[Collected data]

================

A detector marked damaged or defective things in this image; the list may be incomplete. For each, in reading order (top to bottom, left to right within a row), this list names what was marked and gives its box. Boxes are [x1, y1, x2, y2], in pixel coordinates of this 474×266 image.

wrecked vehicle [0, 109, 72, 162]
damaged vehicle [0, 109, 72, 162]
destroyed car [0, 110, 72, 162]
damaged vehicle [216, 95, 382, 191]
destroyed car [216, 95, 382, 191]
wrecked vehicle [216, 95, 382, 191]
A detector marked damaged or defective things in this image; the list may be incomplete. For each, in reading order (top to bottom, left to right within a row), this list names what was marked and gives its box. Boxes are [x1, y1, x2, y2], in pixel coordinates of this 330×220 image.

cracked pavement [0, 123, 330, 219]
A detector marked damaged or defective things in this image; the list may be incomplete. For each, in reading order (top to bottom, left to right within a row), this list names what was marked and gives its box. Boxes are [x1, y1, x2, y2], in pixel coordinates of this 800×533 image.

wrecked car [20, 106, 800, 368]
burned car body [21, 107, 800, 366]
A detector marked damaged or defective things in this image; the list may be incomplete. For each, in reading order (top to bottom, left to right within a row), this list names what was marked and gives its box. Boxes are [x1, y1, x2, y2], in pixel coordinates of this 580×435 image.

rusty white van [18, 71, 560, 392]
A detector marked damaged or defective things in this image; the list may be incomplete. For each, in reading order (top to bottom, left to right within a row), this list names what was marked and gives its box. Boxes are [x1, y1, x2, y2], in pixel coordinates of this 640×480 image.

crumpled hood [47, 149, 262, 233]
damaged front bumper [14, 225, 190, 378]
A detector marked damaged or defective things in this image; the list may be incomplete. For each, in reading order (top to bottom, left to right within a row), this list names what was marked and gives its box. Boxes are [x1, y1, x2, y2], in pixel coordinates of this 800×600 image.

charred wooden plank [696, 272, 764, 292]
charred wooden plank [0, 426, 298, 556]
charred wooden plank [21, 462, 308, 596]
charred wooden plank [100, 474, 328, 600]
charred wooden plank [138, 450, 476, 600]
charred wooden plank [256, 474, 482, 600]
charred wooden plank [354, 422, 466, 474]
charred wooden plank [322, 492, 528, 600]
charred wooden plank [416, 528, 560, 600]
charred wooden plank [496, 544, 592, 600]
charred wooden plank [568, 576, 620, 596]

================

§ BRIEF
Retype exactly the lines from the one containing "this 800×600 image." through the last line of the records above, including both.

§ FINISHED EXERCISE
A detector marked damaged or defective things in this image; the list may be incomplete. For each, in reading order (top to bottom, left to right within a row), this list names what was marked and gives its box. Boxes are [x1, y1, x2, y2], in pixel coordinates of this 800×600 image.

charred wooden plank [696, 272, 764, 292]
charred wooden plank [0, 426, 298, 556]
charred wooden plank [21, 462, 308, 596]
charred wooden plank [100, 474, 328, 600]
charred wooden plank [138, 450, 476, 600]
charred wooden plank [256, 474, 482, 600]
charred wooden plank [354, 422, 466, 474]
charred wooden plank [322, 492, 528, 600]
charred wooden plank [416, 528, 560, 600]
charred wooden plank [496, 544, 592, 600]
charred wooden plank [568, 576, 620, 596]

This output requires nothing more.